Aldby Park is a country house dating to 1726, with a 20th-century addition. It may have been designed by the owner, John Brewster, influenced by the architecture of Nicholas Hawksmoor. The house is constructed of brick in Flemish bond, with ashlar dressings and a Welsh slate roof. Originally designed with a double-pile plan and an entrance to the south, it has since been altered to feature a central hallway entry with an entrance to the west and a 20th-century orangery to the south.

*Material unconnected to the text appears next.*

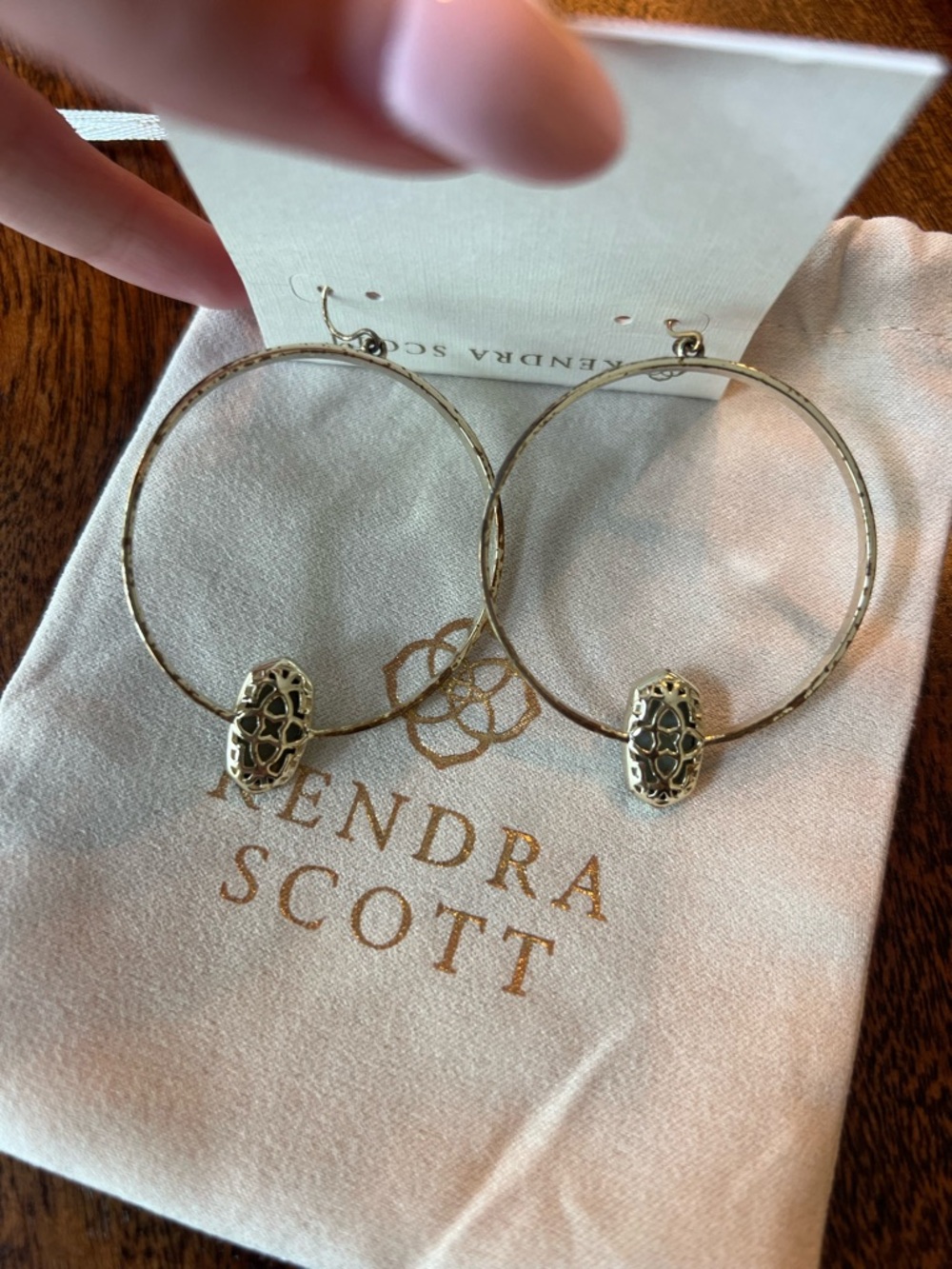 Kendra Scott Gold Elora Hoop Earrings with dark purple/black Druzy stone - Picture 3 of 6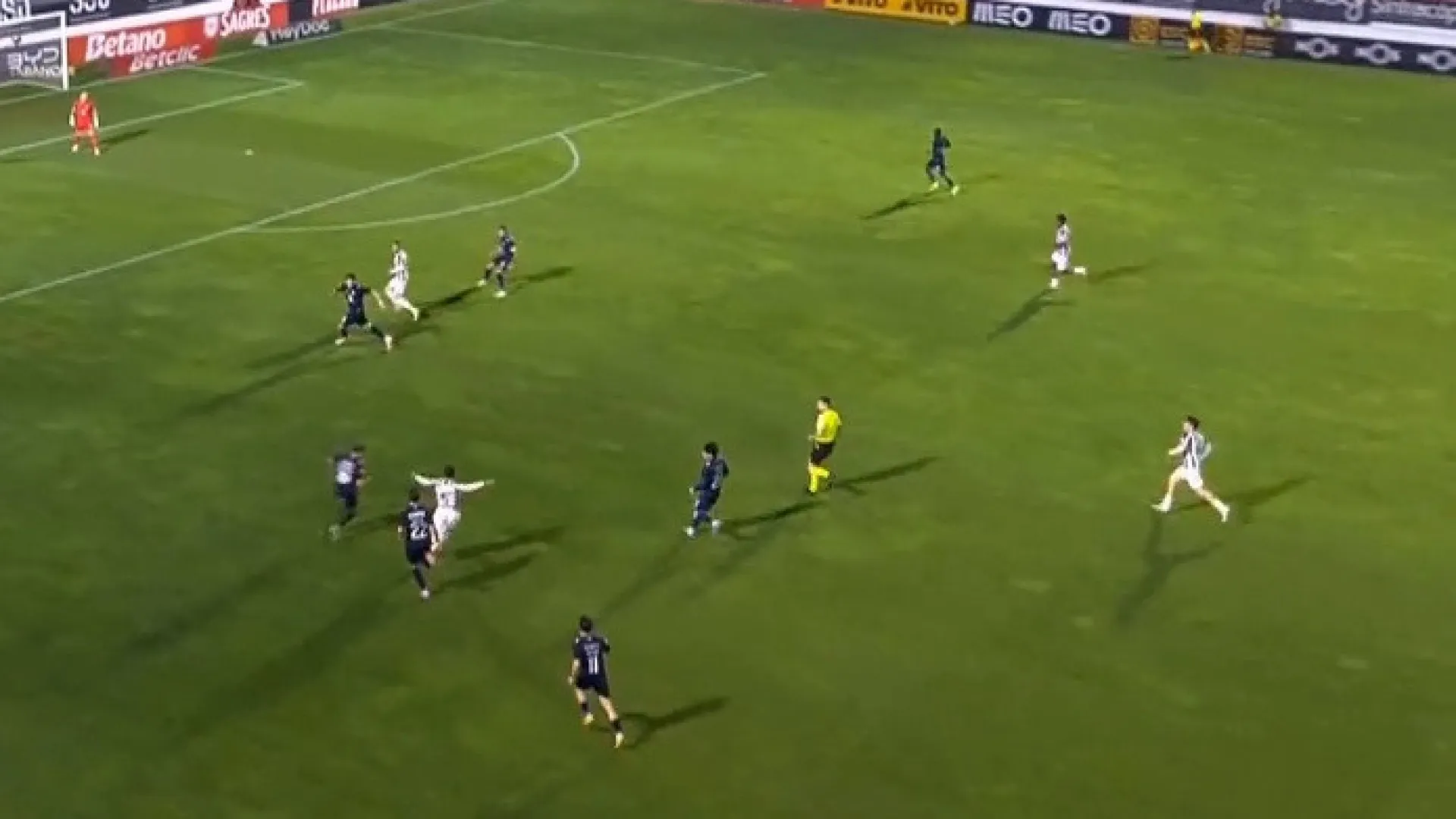 
                    Duas expulsões e quatro golos. Eis o resumo do Estrela da Amadora-Arouca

The garden front is three stories with a basement, arranged as nine bays with a 1:2:3:2:1 facade, with the central three bays breaking forward, featuring quoins and bands to both the ground and first floors. The central three-bay section has ashlar cladding, flanked by rusticated pilasters, and the ground floor is marked by Ionic pilasters supporting an entablature. The first floor is similarly articulated with Composite fluted pilasters supporting a frieze carved with a pheasant between two foxes, topped by a dentilled pediment. This is richly decorated, including a cypher of George I on a banner and a central shield displaying the combined arms of Darley and Brewster, surmounted by a bust of George I. The second floor has plain pilasters. Basement windows are 6-pane sashes within rusticated surrounds and triple keystones. A flight of steps leads to the central entrance, which has double doors beneath a radial fanlight. Sash windows with glazing bars are present in the outer bays, displayed within eared architraves on consoles. The central section features round-arched sashes with glazing bars and radial glazing in the heads, flanked by pilasters and with moulded archivolts to the ground and first floors. The second-floor windows have glazing bars with a blind central panel. The ground-floor windows are set upon balustrades, while the first-floor windows are topped by panels with carved enrichment; the central panel bears the initials J B. Rainwater heads feature, inscribed 'B' with a dog’s head crest on the clamps. A balustrade with ball finials runs along the central section, with a plain parapet to the outer bays.

The interior was significantly altered in the early 19th century by Henry Brewster Darley, but a Vanbrugian-style chimney piece remains in the entrance hall, alongside most of the 18th-century panelling. An early 19th-century imperial staircase is found in the entrance hall, dividing into two flights. Aldby Park was the home of the Darley Arabian, an 18th-century ancestor of the modern thoroughbred racehorse breed.